The passage from the Letter to the Ephesians which we have been considering enables us to think of a special kind of "prophetism" that belongs to women in their femininity. The analogy of the Bridegroom and the Bride speaks of the love with which every human being - man and woman - is loved by God in Christ. But in the context of the biblical analogy and the text's interior logic, it is precisely the woman - the bride - who manifests this truth to everyone. This "prophetic" character of women in their femininity finds its highest expression in the Virgin Mother of God. She emphasizes, in the fullest and most direct way, the intimate linking of the order of love - which enters the world of human persons through a Woman - with the Holy Spirit. At the Annunciation Mary hears the words: "The Holy Spirit will come upon you" (Lk 1:35).
It is a beautiful to think that being created a woman enables me to manifest to the world, in a special way, the truth of what it means to be loved by God in Christ.
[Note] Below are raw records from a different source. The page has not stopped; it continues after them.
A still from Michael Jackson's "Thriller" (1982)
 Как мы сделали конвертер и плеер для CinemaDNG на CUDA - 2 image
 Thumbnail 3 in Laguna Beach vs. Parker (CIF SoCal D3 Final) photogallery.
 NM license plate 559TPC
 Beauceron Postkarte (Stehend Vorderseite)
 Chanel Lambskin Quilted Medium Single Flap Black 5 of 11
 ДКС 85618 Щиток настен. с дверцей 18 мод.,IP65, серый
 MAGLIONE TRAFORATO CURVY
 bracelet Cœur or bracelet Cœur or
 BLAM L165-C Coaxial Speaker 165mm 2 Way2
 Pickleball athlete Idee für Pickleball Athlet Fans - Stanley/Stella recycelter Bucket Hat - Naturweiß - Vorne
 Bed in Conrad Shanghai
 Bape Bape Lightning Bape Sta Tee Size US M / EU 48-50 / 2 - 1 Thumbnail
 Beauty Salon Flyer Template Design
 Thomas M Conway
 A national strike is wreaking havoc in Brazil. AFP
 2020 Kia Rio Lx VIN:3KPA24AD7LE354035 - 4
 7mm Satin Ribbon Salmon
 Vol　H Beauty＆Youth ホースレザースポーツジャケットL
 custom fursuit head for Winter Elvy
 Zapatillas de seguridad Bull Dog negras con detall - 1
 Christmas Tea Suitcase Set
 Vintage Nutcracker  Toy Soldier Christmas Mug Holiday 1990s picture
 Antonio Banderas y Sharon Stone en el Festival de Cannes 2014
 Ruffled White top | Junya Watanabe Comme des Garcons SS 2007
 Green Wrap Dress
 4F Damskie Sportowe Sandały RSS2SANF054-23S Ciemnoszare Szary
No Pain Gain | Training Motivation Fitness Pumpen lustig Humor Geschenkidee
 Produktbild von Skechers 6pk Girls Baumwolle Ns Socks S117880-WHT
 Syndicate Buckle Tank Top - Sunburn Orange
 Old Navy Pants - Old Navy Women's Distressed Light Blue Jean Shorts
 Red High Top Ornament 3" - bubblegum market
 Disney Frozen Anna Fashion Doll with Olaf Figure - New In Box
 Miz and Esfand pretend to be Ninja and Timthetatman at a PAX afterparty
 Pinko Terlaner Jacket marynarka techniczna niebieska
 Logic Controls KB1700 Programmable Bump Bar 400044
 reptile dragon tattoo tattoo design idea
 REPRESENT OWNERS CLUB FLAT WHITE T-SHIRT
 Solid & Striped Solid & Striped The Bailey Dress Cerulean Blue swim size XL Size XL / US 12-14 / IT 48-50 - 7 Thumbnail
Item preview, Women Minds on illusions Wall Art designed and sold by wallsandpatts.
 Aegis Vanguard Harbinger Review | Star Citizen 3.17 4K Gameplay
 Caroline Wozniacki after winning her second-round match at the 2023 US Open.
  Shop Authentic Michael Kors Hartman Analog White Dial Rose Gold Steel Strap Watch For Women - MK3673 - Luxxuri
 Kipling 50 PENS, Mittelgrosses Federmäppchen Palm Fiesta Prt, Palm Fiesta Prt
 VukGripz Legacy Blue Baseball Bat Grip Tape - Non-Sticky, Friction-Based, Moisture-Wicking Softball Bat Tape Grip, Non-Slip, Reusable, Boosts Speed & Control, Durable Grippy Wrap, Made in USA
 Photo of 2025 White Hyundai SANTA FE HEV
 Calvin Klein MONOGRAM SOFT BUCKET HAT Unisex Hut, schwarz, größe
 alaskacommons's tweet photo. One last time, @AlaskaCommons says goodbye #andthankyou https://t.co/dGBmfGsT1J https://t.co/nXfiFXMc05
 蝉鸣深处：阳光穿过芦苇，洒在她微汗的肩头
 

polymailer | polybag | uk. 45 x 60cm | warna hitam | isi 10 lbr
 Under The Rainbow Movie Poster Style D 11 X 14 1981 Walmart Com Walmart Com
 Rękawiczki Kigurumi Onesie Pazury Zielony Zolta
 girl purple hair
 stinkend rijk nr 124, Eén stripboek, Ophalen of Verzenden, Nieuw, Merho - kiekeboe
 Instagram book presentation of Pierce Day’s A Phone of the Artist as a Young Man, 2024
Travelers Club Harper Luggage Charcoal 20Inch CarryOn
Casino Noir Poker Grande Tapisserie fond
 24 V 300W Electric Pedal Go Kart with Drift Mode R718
At the moment I contemplated that passage, the Assumption became in my mind, in the simplest and most elegant way, a symbol of how I am to fully accept God's love — something that is hard for me to do.

I realized that Mary opened up her body and soul to receive the Kingdom of God — which may be taken as being "Christ himself," according to the Catechism — and made a home for it in the depths of her being. And so, likewise, at the end of her earthly life, the Kingdom of God opened up to receive her.

It reminds me of what Archbishop Fulton J. Sheen said, and I'm sure others said it before him, to the effect that the real action that takes place when we receive the Eucharist is not so much that we absorb Jesus, but rather that we are absorbed into Him. But, for Him to receive us, we have to first receive Him fully. That is where I need to contemplate the Blessed Mother's example.